### Task details
Search the records for "Residential" and copy each line that holds it.

### Supplied data
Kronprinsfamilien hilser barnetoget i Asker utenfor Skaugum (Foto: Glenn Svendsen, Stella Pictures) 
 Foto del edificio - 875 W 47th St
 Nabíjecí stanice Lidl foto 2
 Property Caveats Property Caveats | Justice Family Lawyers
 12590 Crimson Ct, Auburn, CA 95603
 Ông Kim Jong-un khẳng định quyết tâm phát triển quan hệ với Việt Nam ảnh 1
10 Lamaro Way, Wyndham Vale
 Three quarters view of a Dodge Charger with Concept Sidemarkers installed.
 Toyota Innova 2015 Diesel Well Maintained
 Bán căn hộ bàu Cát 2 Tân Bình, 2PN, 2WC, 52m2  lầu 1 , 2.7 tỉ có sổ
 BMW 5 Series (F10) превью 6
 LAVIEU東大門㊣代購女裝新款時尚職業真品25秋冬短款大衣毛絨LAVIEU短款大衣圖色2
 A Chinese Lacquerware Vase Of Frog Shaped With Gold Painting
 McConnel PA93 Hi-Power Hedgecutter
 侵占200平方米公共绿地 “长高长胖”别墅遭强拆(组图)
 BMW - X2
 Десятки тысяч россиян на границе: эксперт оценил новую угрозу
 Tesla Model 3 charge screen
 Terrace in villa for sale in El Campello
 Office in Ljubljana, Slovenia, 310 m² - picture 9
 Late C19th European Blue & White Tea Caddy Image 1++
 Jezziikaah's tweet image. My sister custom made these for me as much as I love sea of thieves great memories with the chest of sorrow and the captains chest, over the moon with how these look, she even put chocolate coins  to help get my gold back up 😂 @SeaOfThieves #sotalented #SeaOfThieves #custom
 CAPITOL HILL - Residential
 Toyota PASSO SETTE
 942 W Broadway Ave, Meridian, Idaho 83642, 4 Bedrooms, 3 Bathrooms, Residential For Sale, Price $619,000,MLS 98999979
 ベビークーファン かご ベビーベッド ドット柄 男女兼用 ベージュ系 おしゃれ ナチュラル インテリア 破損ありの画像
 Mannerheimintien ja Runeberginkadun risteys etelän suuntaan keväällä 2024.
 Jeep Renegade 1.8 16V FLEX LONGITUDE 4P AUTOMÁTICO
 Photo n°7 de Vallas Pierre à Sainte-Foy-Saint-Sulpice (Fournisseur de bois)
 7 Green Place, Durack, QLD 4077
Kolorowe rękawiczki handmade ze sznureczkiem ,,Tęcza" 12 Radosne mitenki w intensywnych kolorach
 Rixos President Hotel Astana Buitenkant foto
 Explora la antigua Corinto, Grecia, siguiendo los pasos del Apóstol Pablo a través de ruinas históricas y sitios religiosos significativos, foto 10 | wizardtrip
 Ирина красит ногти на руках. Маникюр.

### Answer for this exercise
 CAPITOL HILL - Residential
 942 W Broadway Ave, Meridian, Idaho 83642, 4 Bedrooms, 3 Bathrooms, Residential For Sale, Price $619,000,MLS 98999979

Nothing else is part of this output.